Si sa relecture de Candyman avait su en convaincre plusieurs en 2021, Nia DaCosta n’était pas nécessairement une valeur sûre pour cette reprise de flambeau de cette franchise de films post-apocalyptiques (n’oublions pas que c’est elle qui a fait The Marvels en 2023).
Finalement, elle succède avec brio et talent à Danny Boyle qui était probablement trop occupé à expérimenter avec la caméra de son cellulaire sur le précédent volet, oubliant de proposer une histoire véritablement intéressante pour réanimer cette franchise horrifique qui a relancé au début du siècle la mode des films de zombies.
Un job par intérim, précisons-le, puisque Boyle reprendra les rênes pour le troisième et ultime chapitre de ce reboot.

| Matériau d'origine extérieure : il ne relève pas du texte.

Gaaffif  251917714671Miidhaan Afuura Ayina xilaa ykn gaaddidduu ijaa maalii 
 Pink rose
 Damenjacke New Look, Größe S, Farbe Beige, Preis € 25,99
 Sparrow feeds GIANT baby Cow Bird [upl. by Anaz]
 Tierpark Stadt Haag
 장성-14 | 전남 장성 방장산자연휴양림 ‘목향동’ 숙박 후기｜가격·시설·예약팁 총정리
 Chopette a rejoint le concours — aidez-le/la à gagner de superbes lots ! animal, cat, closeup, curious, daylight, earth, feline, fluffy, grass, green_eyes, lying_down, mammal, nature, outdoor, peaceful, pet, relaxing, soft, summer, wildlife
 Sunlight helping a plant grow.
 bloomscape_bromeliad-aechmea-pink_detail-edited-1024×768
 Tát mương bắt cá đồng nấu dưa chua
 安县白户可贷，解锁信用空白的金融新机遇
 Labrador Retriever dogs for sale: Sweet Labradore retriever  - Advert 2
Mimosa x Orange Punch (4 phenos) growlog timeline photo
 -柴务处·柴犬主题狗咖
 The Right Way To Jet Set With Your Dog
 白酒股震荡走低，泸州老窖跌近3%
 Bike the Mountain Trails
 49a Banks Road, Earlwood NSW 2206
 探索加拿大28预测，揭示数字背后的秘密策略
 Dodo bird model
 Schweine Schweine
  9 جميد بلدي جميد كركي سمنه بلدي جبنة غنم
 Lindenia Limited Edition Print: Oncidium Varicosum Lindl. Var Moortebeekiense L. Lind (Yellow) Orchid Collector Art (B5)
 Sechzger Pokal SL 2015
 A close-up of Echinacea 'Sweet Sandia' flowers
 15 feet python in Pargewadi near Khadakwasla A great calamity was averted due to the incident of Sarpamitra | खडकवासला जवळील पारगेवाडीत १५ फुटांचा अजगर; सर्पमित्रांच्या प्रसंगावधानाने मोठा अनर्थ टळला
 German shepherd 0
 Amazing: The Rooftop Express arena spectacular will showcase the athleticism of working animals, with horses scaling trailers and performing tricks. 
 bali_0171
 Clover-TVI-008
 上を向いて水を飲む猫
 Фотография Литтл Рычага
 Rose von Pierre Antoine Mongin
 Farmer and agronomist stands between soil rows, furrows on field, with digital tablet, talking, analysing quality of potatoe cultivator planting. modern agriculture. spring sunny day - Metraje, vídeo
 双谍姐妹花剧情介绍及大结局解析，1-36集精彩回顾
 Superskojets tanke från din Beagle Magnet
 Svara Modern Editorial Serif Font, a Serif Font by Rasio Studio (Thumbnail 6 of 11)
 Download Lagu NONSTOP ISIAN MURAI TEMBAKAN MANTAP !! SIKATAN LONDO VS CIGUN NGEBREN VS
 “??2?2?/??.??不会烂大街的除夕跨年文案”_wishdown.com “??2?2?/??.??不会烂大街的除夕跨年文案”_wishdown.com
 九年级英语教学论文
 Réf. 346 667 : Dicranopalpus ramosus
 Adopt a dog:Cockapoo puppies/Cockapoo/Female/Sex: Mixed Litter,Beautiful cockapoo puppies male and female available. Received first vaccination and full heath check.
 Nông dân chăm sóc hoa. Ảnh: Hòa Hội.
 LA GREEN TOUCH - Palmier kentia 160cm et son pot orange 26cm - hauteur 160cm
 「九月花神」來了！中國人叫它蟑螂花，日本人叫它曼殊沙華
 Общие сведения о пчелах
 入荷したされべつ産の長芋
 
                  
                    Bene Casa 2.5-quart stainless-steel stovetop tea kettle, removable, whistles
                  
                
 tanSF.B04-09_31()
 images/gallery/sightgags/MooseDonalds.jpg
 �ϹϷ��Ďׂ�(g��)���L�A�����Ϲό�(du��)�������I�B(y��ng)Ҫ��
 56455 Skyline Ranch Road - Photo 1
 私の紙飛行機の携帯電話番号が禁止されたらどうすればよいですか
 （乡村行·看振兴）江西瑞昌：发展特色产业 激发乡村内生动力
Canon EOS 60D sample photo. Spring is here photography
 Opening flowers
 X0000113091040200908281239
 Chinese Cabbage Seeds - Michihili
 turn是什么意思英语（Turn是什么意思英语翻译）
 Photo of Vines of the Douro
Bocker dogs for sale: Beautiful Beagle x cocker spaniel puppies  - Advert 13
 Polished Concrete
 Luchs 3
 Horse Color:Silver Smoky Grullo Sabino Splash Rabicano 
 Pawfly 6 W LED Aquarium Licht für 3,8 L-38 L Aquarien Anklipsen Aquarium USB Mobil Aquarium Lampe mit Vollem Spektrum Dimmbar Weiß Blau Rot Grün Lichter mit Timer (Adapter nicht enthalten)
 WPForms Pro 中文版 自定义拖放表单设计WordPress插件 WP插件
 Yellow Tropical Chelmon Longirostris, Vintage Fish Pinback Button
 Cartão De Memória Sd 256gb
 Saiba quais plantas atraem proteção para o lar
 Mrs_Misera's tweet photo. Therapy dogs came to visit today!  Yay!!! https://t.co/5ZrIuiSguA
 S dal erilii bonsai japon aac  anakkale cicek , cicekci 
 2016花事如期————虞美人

D’ailleurs, si l’introduction des Jimmy à la fin de 28 Years Later ne laissait présager rien de bon pour cette suite, ces satanistes portant des vêtements sport sont finalement plus intéressants qu’on n’aurait pu le croire et sont responsables de certaines des scènes les plus angoissantes du film. Rien de surprenant lorsqu’on constate que leur principal passe-temps est d’écorcher vivant le commun des mortels.
![[Critique] « 28 Years Later : The Bone Temple » : le nombre de la bête 15 28 YEARS LATER TEMPLE OF BONES](https://cdn.horreur.quebec/wp-content/uploads/2026/01/28-YEARS-LATER-TEMPLE-OF-BONES-675x450.jpg)
Il y a d’ailleurs très peu d’infectés dans The Bone Temple, à l’exception de Samson qui rend des visites régulières au Dr Kelson. Une relation d’amitié à la fois drôle et touchante, à l’image du film dans son ensemble. En plus de nous offrir des flashbacks de la vie de Samson précédant l’épidémie, The Bone Temple nous permet d’entrer dans le quotidien du Dr Kelson. On découvre entre autres un mélomane qui aime faire jouer des vinyles dans son petit bunker souterrain, une discographie allant de Duran Duran à Radiohead. Bref, que du bon.
Ralph Fiennes tire d’ailleurs son épingle du jeu dans ce film, rappelant à quel point il est un bon acteur, mais également un performeur. En effet, l’acteur britannique nous propose une chorégraphie pas piquée des vers lors du dernier acte du film, au point où la foule réunie lors de l’avant-première au Cinéma Cinéplex Forum n’a pu faire autrement que d’applaudir sa prestation.
Des applaudissements qui se sont de nouveau fait entendre lors du générique final, ce qui, espérons-le, annonce le meilleur pour le troisième chapitre de 28 Days Later.